→ **WORK ORDER**:
From the material below, copy exactly the lines beginning with the one that contains "rick sitting on" and ending with the one that contains "CENTURA’S Kolten Simons"; the pictures stay out.

=======

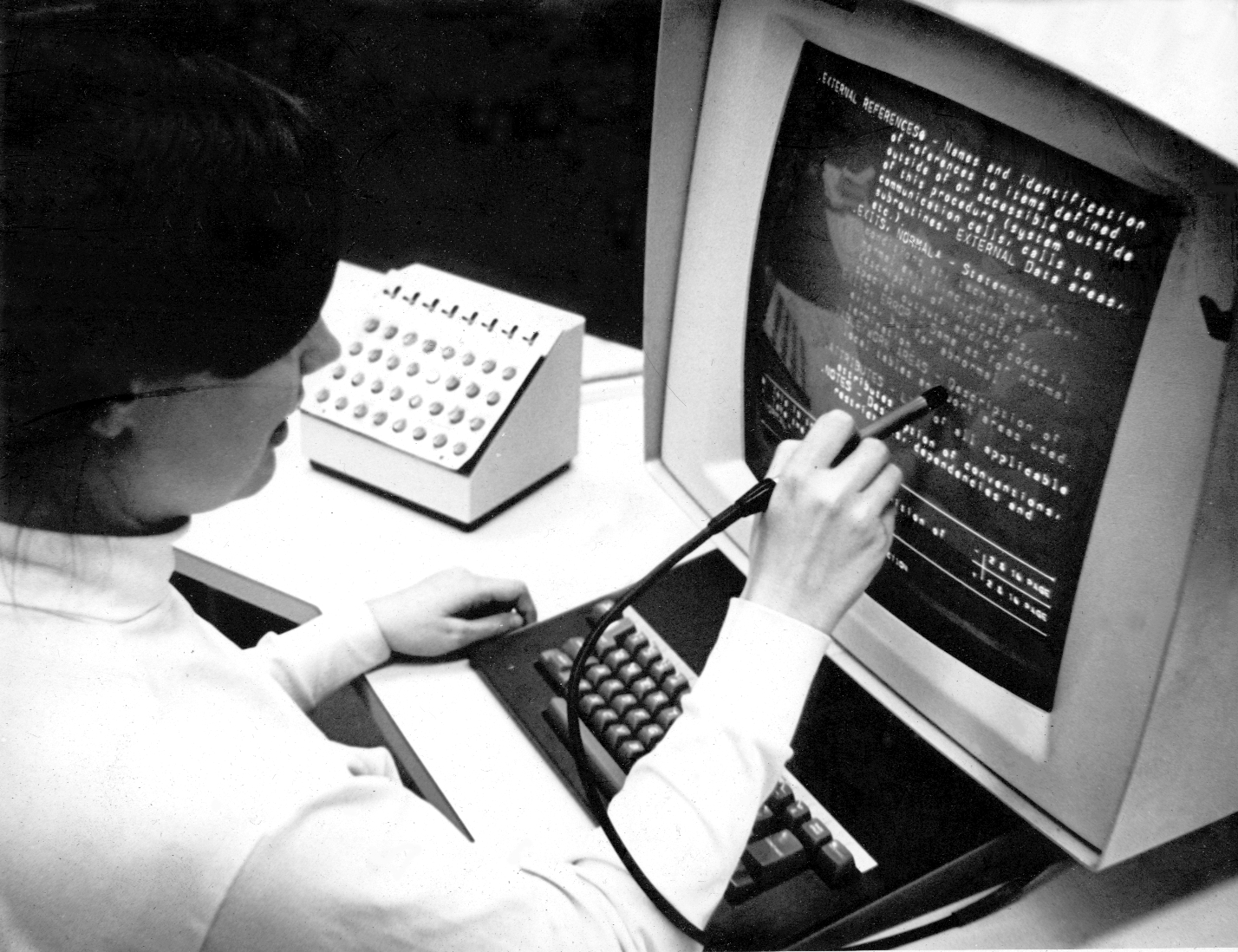 black and white photo: woman in 1969 using a stylus on a old-style monitor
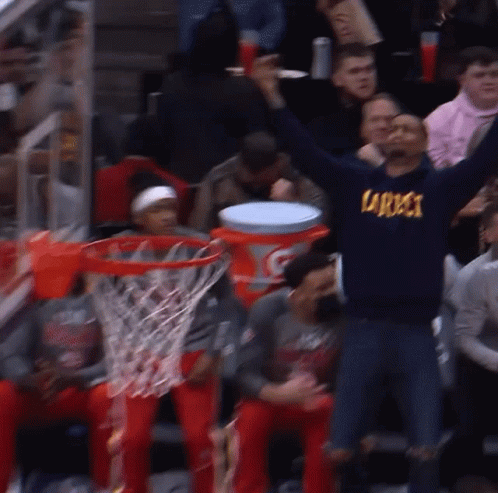A Man Wearing A Sweatshirt That Says Specs Is Raising His Arms In The Air GIF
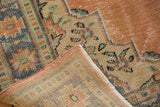 Textured pile and original intact selvage of a distressed vintage Oushak rug.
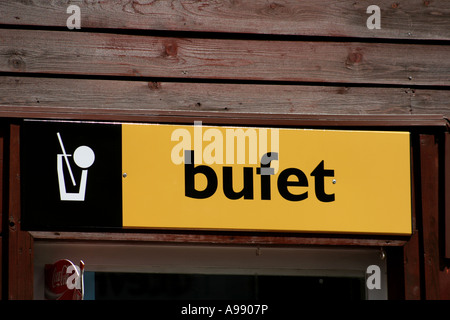 Ein gelbes und schwarzes „Bufet“-Schild an einer Holzwand, das auf ein Restaurant mit Speisen oder Getränken hinweist. Stockfoto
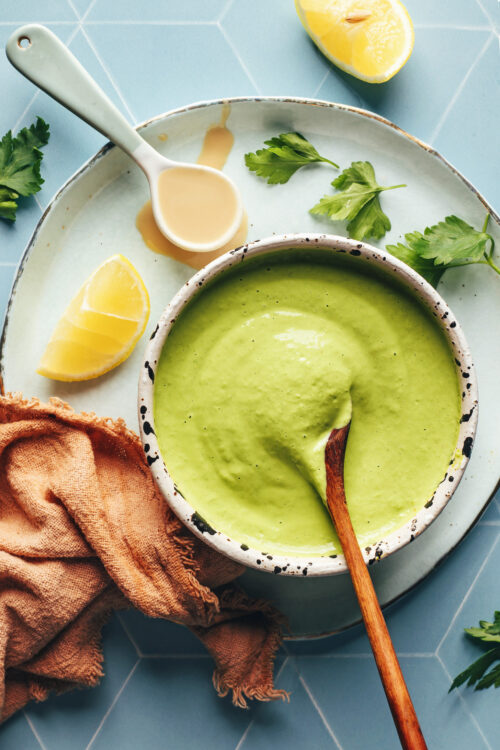 Bowl of herby green tahini sauce next to parsley, lemon, and tahini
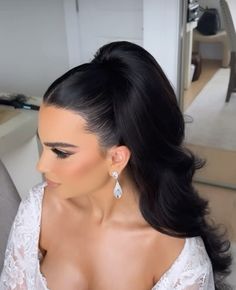 a woman with long black hair in a white dress and earrings sitting on a couch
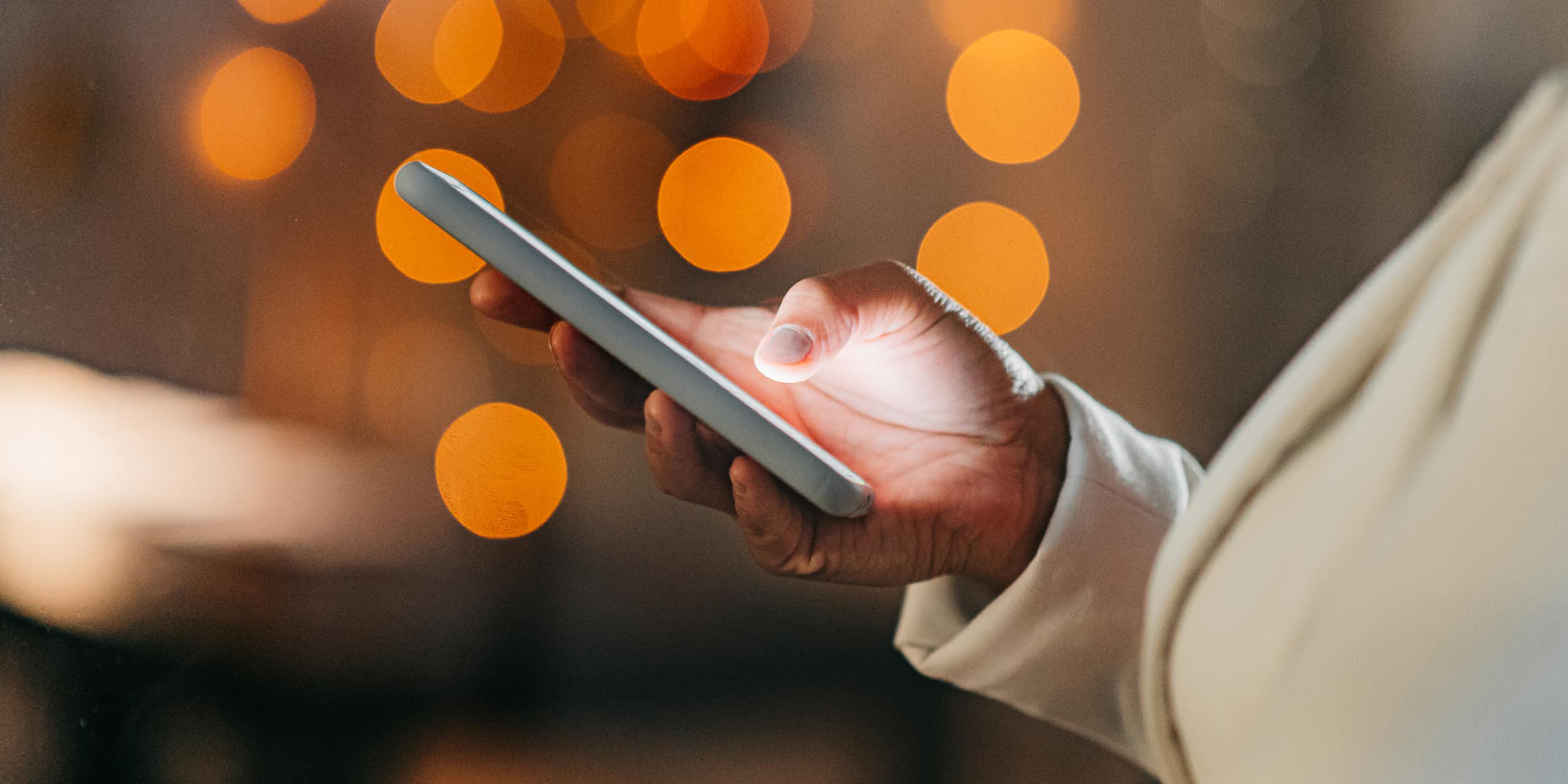 An African woman's hand holds a cell phone, orange circles of light in the background.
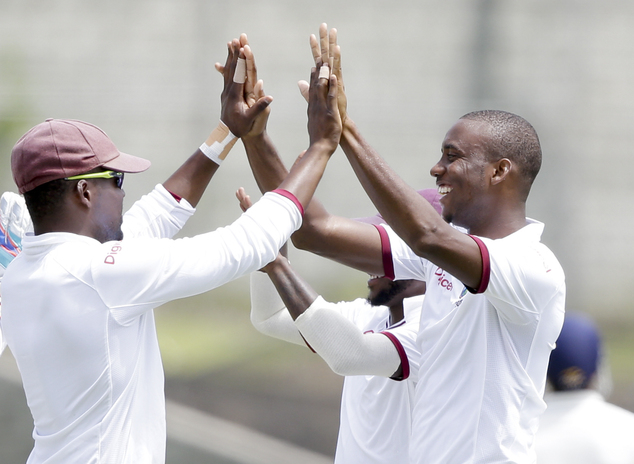 West Indies Miguel Cummins celebrates with teammates after taking the wicket of India's Ravindra Jadeja during day two of their third cricket Test match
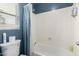 Bathroom with shower/tub combo and window at 2315 S 173Rd Dr, Goodyear, AZ 85338
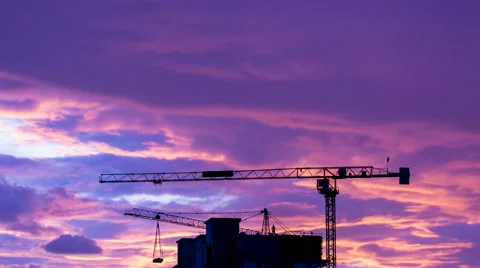 Silhouette Crane Working In Construction Site And Twilight Sky (zoom out) Stock Footage 51944232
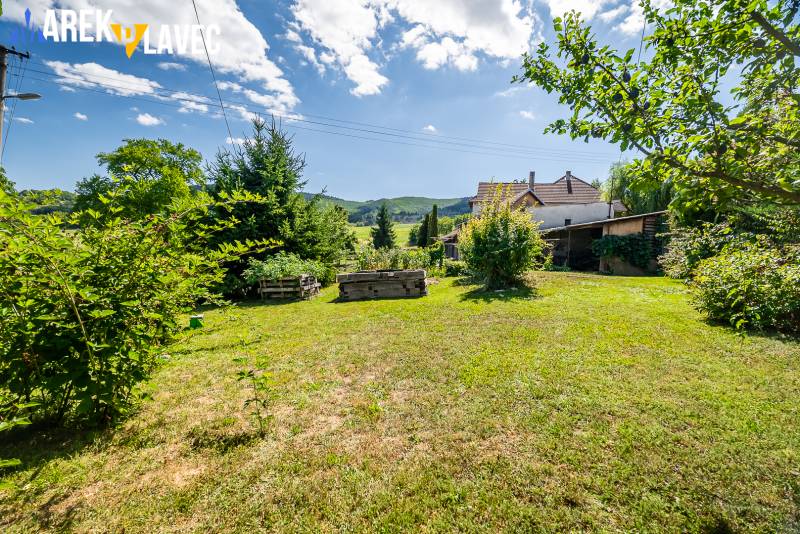 Na predaj: Rodinný dom Slatinské Lazy s očarujúcou atmosférou - Záhrada rodinného domu v Slatinských Lazoch s trávnikom a výsadbou, obklopená stromami.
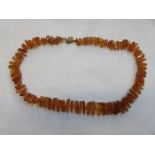 STRAND OF AMBER BEADS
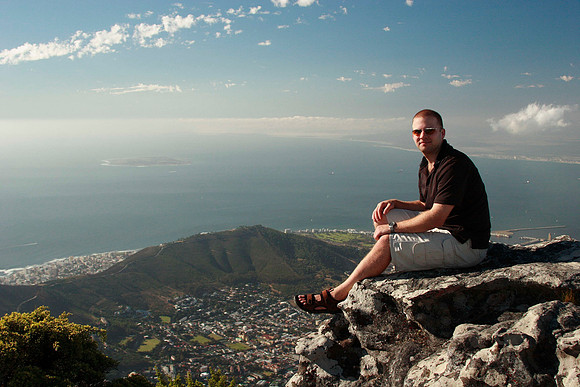 rick sitting on table mountain with the city and signal hill in the background
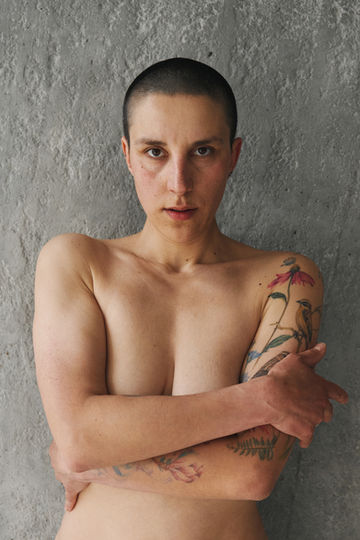 Close portrait of Sandra Kosh facing the camera against a textured grey wall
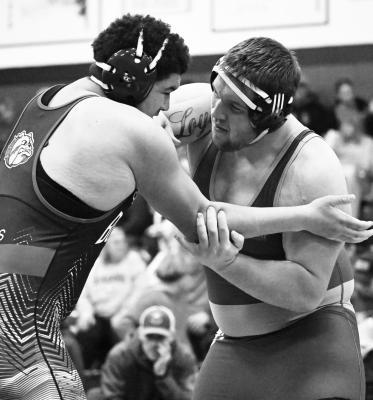 CENTURA’S Kolten Simons works to take down Shelton’s Demarion Williams on Friday afternoon during the semifinals of the Ravenna Invite. Photo by Michael Happ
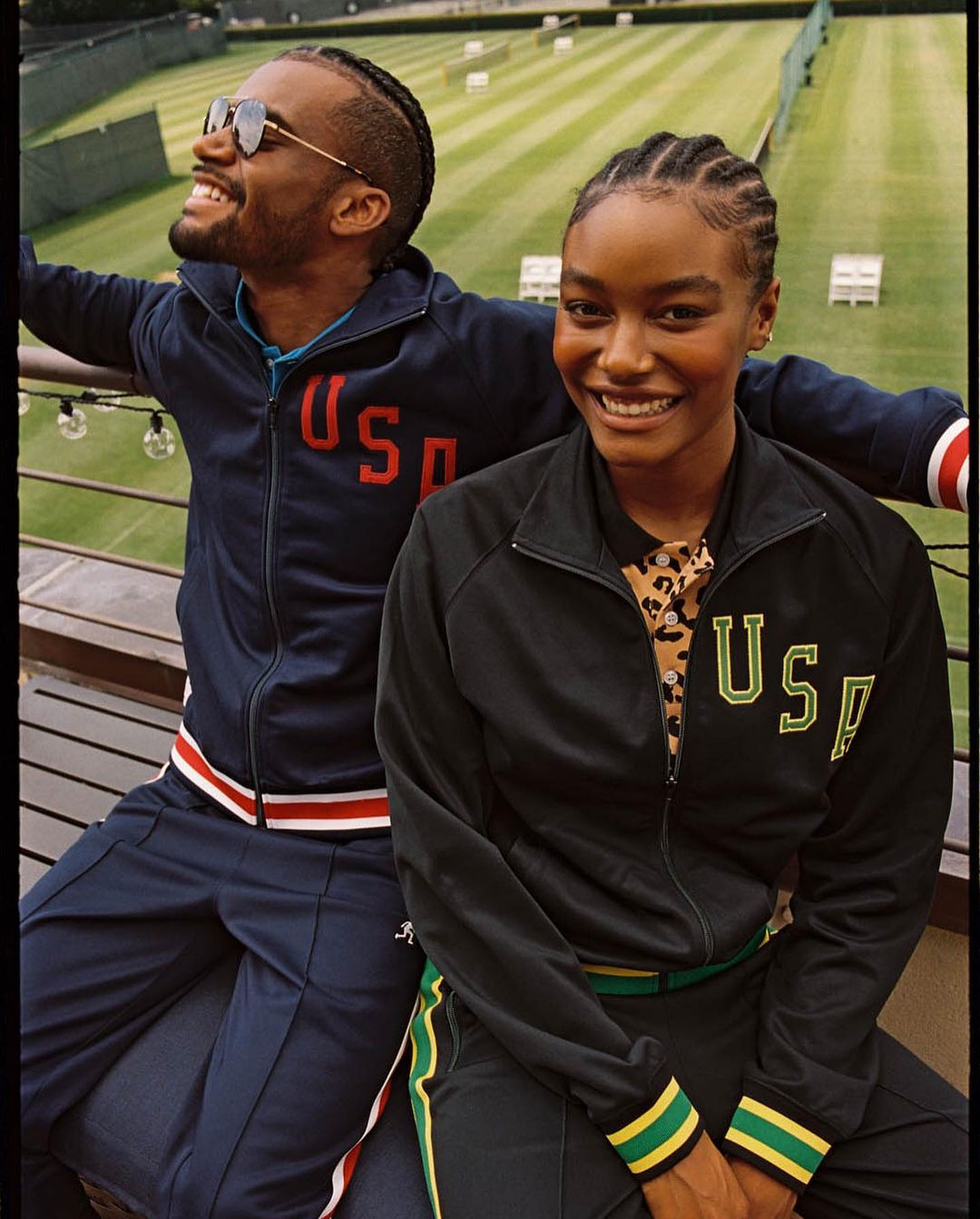 Two smiling athletes in USA tracksuits pose outdoors against a tennis court. A man in sunglasses and a woman with braided hair are seen.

=======

→ **TASK RESPONSE**:
 rick sitting on table mountain with the city and signal hill in the background
 Close portrait of Sandra Kosh facing the camera against a textured grey wall
 CENTURA’S Kolten Simons works to take down Shelton’s Demarion Williams on Friday afternoon during the semifinals of the Ravenna Invite. Photo by Michael Happ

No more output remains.